**WHAT YOU ARE ASKED TO DO**
Return the records exactly, from the first line through the "Coming up in" line.

(Saved entries)
--- --- ---

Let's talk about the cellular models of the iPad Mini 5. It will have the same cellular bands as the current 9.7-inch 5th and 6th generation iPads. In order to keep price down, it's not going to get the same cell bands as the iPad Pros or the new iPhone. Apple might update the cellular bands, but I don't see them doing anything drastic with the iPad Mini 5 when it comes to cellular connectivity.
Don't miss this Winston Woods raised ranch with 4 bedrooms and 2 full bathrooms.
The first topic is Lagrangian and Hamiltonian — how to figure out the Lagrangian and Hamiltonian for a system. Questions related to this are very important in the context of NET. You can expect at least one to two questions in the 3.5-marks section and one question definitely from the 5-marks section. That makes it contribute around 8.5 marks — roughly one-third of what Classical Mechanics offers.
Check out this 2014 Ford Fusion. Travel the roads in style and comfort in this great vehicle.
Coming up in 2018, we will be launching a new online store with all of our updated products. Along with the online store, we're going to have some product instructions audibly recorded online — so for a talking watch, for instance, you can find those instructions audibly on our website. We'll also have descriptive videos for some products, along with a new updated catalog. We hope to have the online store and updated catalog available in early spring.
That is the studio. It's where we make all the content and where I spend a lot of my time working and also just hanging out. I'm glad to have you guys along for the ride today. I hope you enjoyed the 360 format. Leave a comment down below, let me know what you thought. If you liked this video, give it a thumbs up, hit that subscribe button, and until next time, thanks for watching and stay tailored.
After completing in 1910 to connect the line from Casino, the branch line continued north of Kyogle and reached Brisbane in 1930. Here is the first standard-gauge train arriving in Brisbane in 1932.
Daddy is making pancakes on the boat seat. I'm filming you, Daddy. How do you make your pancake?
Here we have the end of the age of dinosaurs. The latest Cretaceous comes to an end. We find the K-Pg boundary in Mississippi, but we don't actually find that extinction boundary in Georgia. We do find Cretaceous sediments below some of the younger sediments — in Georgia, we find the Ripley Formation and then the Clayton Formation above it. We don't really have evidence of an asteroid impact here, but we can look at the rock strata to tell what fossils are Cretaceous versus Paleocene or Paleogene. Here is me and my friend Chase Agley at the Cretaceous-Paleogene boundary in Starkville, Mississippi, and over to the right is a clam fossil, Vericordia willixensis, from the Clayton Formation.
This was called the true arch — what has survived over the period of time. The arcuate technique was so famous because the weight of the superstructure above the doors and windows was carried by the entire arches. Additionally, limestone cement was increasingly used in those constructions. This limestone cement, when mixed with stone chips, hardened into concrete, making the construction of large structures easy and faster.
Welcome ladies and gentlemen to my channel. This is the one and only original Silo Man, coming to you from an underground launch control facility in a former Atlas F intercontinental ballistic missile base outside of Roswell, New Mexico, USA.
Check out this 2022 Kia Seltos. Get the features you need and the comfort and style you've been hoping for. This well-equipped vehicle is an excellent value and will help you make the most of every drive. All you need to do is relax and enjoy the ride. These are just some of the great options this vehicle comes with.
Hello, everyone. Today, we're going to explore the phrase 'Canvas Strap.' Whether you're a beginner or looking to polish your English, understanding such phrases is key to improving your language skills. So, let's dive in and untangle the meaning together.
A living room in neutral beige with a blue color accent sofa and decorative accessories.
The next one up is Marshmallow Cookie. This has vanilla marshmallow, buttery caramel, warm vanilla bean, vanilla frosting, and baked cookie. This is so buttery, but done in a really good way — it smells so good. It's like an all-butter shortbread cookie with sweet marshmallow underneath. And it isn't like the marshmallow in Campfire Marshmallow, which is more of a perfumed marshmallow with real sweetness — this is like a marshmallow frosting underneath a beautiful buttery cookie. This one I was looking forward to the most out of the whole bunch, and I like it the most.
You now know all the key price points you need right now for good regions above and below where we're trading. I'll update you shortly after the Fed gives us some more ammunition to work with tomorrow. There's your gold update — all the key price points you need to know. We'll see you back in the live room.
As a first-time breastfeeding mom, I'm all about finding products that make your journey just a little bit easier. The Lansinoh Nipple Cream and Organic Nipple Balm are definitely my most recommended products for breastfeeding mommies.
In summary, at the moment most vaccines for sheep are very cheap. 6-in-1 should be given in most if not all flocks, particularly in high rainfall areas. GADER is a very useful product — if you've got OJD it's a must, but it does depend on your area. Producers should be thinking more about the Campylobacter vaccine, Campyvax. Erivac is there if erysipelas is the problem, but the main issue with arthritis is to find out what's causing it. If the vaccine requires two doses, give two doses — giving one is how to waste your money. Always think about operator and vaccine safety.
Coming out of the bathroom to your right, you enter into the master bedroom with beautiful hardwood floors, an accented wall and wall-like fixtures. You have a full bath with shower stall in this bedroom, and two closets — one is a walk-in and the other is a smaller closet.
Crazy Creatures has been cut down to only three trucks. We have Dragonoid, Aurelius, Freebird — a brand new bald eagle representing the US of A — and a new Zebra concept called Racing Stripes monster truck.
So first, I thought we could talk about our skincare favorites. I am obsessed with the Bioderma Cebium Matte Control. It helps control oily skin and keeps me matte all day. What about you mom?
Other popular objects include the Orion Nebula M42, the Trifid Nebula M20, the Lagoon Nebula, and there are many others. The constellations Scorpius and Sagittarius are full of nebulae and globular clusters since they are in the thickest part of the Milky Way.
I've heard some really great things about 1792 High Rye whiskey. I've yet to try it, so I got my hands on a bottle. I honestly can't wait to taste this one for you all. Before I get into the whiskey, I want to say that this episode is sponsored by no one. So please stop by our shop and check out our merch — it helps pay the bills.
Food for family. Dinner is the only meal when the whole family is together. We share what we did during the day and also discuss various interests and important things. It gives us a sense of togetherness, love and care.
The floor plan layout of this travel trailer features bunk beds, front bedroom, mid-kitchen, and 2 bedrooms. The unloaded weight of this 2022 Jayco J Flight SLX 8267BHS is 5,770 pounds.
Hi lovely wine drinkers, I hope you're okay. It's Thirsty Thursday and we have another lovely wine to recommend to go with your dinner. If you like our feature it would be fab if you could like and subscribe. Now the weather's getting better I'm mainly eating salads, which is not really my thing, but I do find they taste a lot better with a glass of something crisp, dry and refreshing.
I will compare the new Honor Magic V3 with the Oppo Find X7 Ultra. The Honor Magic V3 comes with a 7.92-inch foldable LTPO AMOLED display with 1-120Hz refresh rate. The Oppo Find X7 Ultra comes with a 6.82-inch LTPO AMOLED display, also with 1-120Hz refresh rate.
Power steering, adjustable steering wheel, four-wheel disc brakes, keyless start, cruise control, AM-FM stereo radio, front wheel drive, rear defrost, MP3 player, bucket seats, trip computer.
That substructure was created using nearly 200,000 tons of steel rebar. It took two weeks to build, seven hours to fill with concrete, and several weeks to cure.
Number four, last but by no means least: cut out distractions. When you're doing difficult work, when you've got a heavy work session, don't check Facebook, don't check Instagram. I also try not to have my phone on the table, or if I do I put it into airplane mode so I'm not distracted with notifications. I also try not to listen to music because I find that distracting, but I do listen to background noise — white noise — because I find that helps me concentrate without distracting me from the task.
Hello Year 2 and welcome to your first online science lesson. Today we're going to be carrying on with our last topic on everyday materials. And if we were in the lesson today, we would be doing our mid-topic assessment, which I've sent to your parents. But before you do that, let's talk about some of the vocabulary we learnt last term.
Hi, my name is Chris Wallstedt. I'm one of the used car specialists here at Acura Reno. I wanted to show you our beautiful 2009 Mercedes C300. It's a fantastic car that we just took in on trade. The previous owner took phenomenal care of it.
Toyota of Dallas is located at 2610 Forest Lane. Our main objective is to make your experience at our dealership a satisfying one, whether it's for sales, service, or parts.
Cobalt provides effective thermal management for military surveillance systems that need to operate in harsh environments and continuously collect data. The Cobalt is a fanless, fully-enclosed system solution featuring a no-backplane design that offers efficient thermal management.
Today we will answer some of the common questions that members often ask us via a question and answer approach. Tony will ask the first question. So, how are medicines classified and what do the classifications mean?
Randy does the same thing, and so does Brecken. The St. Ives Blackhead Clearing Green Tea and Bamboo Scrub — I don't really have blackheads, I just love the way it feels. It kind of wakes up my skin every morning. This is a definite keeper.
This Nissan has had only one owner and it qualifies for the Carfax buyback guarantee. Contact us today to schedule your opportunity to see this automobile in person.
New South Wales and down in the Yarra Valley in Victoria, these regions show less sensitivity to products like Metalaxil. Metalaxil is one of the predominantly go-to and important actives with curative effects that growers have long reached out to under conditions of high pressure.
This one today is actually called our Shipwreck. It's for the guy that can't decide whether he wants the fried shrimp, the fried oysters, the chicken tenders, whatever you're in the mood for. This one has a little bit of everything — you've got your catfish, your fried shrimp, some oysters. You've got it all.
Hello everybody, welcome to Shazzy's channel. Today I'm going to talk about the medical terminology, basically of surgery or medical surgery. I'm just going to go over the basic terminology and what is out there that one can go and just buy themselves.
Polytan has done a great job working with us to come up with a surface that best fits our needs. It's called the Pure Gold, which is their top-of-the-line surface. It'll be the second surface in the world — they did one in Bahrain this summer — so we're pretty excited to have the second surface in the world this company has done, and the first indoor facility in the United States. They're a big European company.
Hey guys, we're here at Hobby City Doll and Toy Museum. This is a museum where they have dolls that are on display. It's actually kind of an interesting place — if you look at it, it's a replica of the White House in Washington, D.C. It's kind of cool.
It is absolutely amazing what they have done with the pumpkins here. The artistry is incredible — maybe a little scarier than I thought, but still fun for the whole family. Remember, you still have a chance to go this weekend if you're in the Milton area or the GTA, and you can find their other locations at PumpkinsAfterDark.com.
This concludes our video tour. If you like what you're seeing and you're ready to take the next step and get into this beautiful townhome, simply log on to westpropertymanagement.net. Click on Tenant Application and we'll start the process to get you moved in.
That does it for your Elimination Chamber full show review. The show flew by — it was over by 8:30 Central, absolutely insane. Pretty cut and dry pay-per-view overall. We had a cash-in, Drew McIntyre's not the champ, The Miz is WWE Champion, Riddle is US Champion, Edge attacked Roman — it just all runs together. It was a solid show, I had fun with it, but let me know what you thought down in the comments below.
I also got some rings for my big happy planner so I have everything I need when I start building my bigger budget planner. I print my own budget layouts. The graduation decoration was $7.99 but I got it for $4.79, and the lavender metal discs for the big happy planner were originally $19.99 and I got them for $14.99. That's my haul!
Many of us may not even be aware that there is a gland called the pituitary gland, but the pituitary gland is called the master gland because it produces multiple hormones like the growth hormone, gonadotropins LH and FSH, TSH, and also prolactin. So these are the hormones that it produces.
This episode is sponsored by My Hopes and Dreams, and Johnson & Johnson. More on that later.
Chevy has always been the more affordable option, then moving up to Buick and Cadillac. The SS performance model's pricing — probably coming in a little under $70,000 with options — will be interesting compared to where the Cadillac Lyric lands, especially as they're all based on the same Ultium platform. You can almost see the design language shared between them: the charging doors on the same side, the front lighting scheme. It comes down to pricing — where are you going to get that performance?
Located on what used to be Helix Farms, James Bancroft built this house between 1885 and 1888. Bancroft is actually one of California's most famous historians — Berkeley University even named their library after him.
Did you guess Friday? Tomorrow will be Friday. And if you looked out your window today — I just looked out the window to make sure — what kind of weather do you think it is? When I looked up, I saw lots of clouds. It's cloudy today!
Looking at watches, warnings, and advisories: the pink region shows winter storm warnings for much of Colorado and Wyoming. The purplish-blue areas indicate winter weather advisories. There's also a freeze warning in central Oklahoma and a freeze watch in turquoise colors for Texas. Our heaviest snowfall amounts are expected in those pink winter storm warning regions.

--- --- ---

**TASK ANSWER**
Let's talk about the cellular models of the iPad Mini 5. It will have the same cellular bands as the current 9.7-inch 5th and 6th generation iPads. In order to keep price down, it's not going to get the same cell bands as the iPad Pros or the new iPhone. Apple might update the cellular bands, but I don't see them doing anything drastic with the iPad Mini 5 when it comes to cellular connectivity.
Don't miss this Winston Woods raised ranch with 4 bedrooms and 2 full bathrooms.
The first topic is Lagrangian and Hamiltonian — how to figure out the Lagrangian and Hamiltonian for a system. Questions related to this are very important in the context of NET. You can expect at least one to two questions in the 3.5-marks section and one question definitely from the 5-marks section. That makes it contribute around 8.5 marks — roughly one-third of what Classical Mechanics offers.
Check out this 2014 Ford Fusion. Travel the roads in style and comfort in this great vehicle.
Coming up in 2018, we will be launching a new online store with all of our updated products. Along with the online store, we're going to have some product instructions audibly recorded online — so for a talking watch, for instance, you can find those instructions audibly on our website. We'll also have descriptive videos for some products, along with a new updated catalog. We hope to have the online store and updated catalog available in early spring.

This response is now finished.